実際、保険外併用療養費の一つである「選定療養」は、当初は差額ベッド料や予約診療など、患者の希望に沿った療養環境を可能にするものとして導入されたものだった。だが、その後、選定療養の枠組みの中に「大病院受診時の定額負担」「後発医薬品のある先発医薬品の利用に関する追加負担」などが組み込まれ、医療費の負担を患者に転嫁する手段として使われるようになっている。

 選定療養はあくまでも患者の希望によって利用するという前提があり、利用しなくても命を守るために必要な医療は受けられる。対して一部保険外療養は、必要な医療でさえも厚労相の定めで保険はずしができてしまう制度で、次のようなものが考えられる。

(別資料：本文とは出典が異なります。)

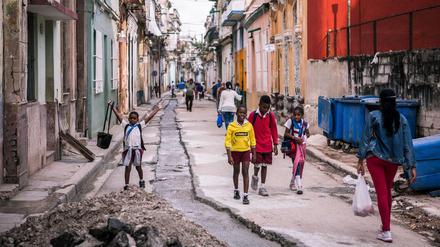 Kinder gehen durch die maroden Straßen der kubanischen Hauptstadt Havanna. (Kuba).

・5000円以下の医療費は一部保険外療養にして全額自己負担にする
・治療に使うガーゼや包帯などは一部保険外療養の対象にする
・深夜や休日などに診療を受けた際の時間外加算を一部保険外療養にする
・規定回数以上の訪問診療は一部保険外療養にする
・コルセットなどの治療用装具は一部保険外療養に移行する

 このように、現在、国会で審議されている改正健康保険法案は、将来の医療費の負担をガラリと変える危険を秘めたものが含まれているのだ。成立すると、単にOTC類似薬の負担増とどまらず、病気やケガの治療に必要な医療でさえも保険適用の範囲を狭めることが可能になる。その範囲はジワジワと拡大し、気づいた時は保険診療だけでは必要な医療が受けられない国になっていたということにもなりかねない。

 増え続ける国の医療費の適正化は重要なことだが、命を守るために必要な医療を保険適用外にできる法律を簡単に成立させてはならない。少なくとも、新設された第63条第2項6から「その他の適正な医療」を削除し、OTC類似薬に限定した内容に修正する必要があるのではないだろうか。